By Joseph Devine

The Lilly Ledbetter Fair Pay Act was one of the first pieces of legislation signed by President Barack Obama, being signed into law on January 29, 2009. Its purpose is to combat wage discrepancies between male and female employees, and it amends the Civil Rights Act of 1964 and the Age and Discrimination Act of 1967.

The Act is a response to the Supreme Court’s ruling in the case Ledbetter v. Goodyear Tire & Rubber Co., which held that an employee had 180 days from the date a salary was agreed upon to file a lawsuit attesting pay discrimination.
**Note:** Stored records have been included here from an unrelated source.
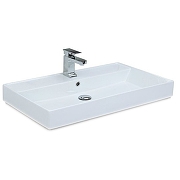 Комплект мебели для ванной Aquanet Nova 75 243255 подвесной Белый глянец-10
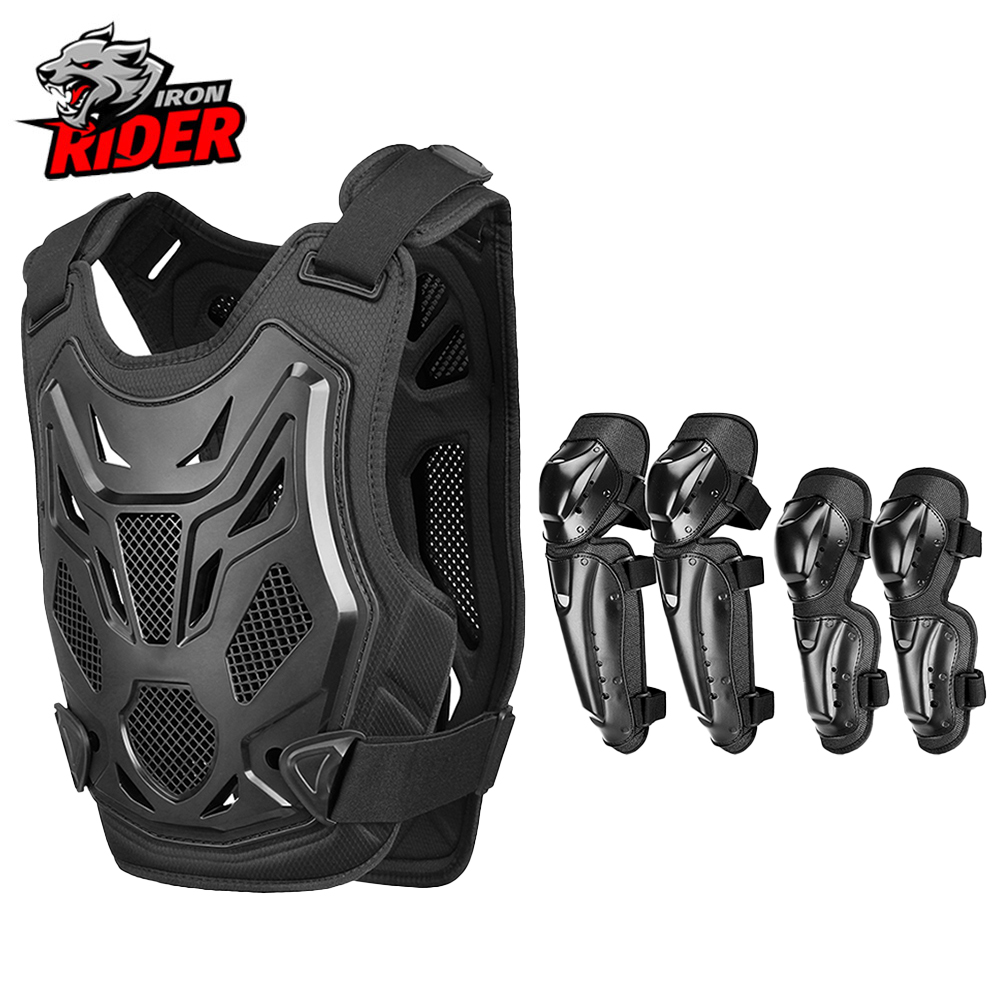 Mountain Biking Body Armour - Armadura para motocicleta, proteção para peito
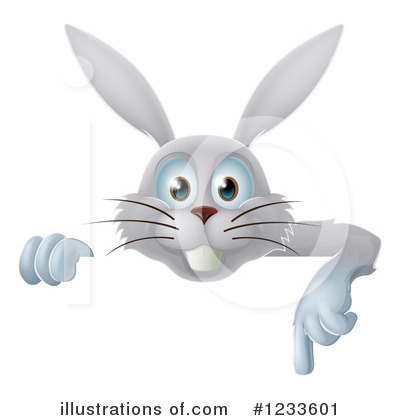 Royalty-Free (RF) Rabbit Clipart Illustration by AtStockIllustration - Stock Sample #1233601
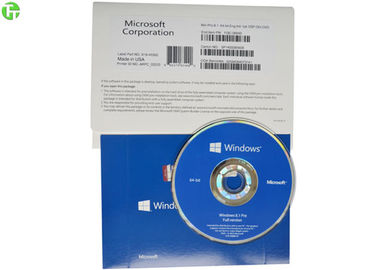 Lifetime Ativation Guarantee Windows 8.1 Pro Pack OEM Package Original Microsoft Factory Sealed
That meant that a female employee had only six months to establish that she was being paid less than her male counterparts doing the same job and then to file a lawsuit against the company.

The problem with this system is that a female employee would have to somehow figure out in her first six months at the job what everyone else was making and then file a lawsuit before the statute of limitations expired. So imagine that a woman has been working at a job for a few years, making less money than men doing the same work but not knowing it. When she found out that she had been making less than those men across several years, she would be unable to do anything about it because the statute of limitations is six months from when she agreed to a salary.

The Lilly Ledbetter Fair Pay Act was first proposed in 2007, shortly after the original court ruling, but was defeated by the more Republican 110th United States Congress. Democrats were quick to criticize their Republican counterparts, asserting that they were essentially supporting wage discrimination by making it difficult to redress wage discrepancies. As a result, when the more heavily Democrat 111th session began, the retooled and restructured Lilly Ledbetter act was one of the first pieces of legislation passed. The Act established that the 180-day statute of limitations actually resets each time a discriminatory paycheck is issued. So as long as you are being paid an unfair wage, you are able to file litigation against your employer. The Act makes it much easier for employees to demand compensation for unfair and illegal wage discrimination.